Introduction
How much of an AI coding agent is actually AI? The answer from VILA-Lab/Dive-into-Claude-Code is startling: only 1.6%. The remaining 98.4% is deterministic infrastructure – permission gates, context management pipelines, tool routing logic, and recovery mechanisms. This finding comes from a rigorous academic paper (arXiv:2604.14228) authored by Jiacheng Liu, Xiaohan Zhao, Xinyi Shang, and Zhiqiang Shen from VILA Lab, who performed a source-level architectural analysis of Claude Code version 2.1.88.
The scale of the analysis is impressive: approximately 1,900 TypeScript files comprising roughly 512,000 lines of code were systematically decomposed into 5 architectural layers containing 21 subsystems. The paper traces every design choice back through 13 design principles to 5 foundational human values, creating a values-to-implementation mapping that is rare in software architecture literature. Rather than simply cataloging features, the authors ask why each component exists and what design tension it resolves.

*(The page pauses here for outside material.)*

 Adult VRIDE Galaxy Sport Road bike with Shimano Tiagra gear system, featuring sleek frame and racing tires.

The core thesis challenges the intuition that AI agents are primarily AI. The agent loop itself – the ReAct-pattern while-loop that drives every turn – is deceptively simple. The real engineering complexity lives in the systems around it: 7 independent safety layers, a 5-stage context compaction pipeline, 54 tools assembled through a 5-step filtering process, and 27 hook events that intercept actions at every lifecycle stage. This post walks through the key architectural insights from the paper, illustrated with diagrams that map the system’s structure, execution flow, safety architecture, and extensibility mechanisms.

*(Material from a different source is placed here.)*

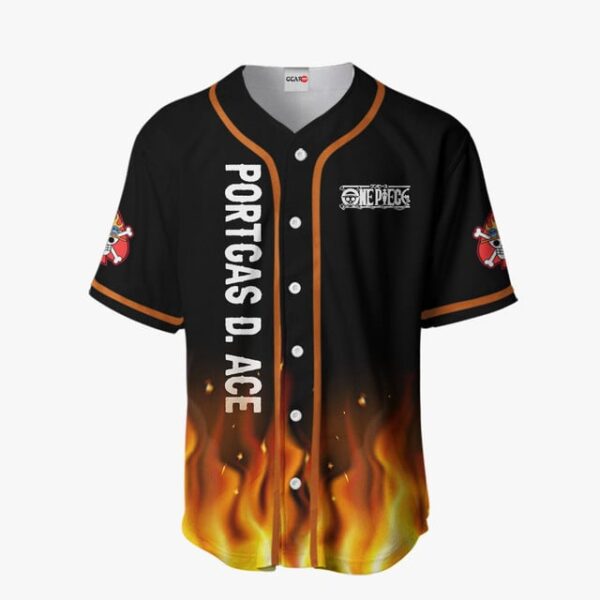Portgas D Ace Baseball Jersey OP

Layered Architecture: 5 Layers, 21 Subsystems
The diagram above illustrates the 5-layer decomposition that the paper identifies as Claude Code’s architectural backbone. Each layer has a distinct responsibility, and the separation is not merely logical – it is enforced through module boundaries and dependency direction. Understanding these layers is essential because the 1.6%/98.4% ratio emerges from how these layers interact: the AI decision logic is concentrated in a narrow band within the Core layer, while the four surrounding layers are entirely deterministic.

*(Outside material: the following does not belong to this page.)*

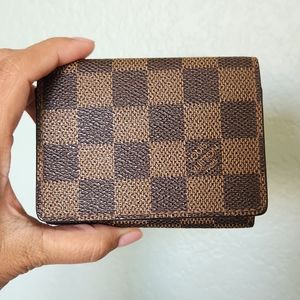 Louis Vuitton Brown Checkered Wallet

The Surface layer handles all entry points and rendering. It encompasses the interactive CLI (built with React and Ink for terminal UI), the headless CLI mode (claude -p), the Agent SDK for programmatic access, and IDE integrations including Desktop and Browser variants. Critically, all four surface types converge on the same queryLoop – there is one execution engine, not mode-specific ones. The QueryEngine class is a conversation wrapper, not the engine itself.
The Core layer contains the agent loop and context assembly. The queryLoop async generator in query.ts orchestrates the model call, tool dispatch, result collection, and repetition. This layer also houses the 5-stage compaction pipeline that runs before every model call, and the subagent spawning logic that delegates tasks to isolated context windows.
The Safety/Action layer is where the 98.4% infrastructure ratio becomes tangible. It contains 7 permission modes, the auto-mode ML classifier (yoloClassifier.ts), 27 hook events across 5 categories, the tool pool assembly pipeline, and shell sandboxing with filesystem and network isolation. Every tool invocation must pass through this layer before execution.
The State layer manages runtime state and persistence through append-only JSONL transcripts, the 4-level CLAUDE.md hierarchy, auto-memory files, and subagent sidechain files. The append-only design choice favors auditability over query power – every event is human-readable and reconstructable without specialized tooling.
The Backend layer provides execution environments: shell execution with sandboxing, MCP connections supporting 7 transport types (stdio, SSE, HTTP, WebSocket, SDK, IDE), and 42 tool subdirectories that implement the 54 available tools. This layer is where actions actually execute, after passing through all upper layers.
The Agentic Query Loop: 9 Steps Per Turn
The diagram above shows the 9-step pipeline that executes on every turn of the agent loop. This pipeline is the runtime manifestation of the layered architecture – each step corresponds to work done by one or more layers. Understanding this flow is critical because it reveals where the 1.6% AI logic actually lives: step 5 (the model call) is the only step where the LLM makes a decision. Steps 1-4 and 6-9 are entirely deterministic.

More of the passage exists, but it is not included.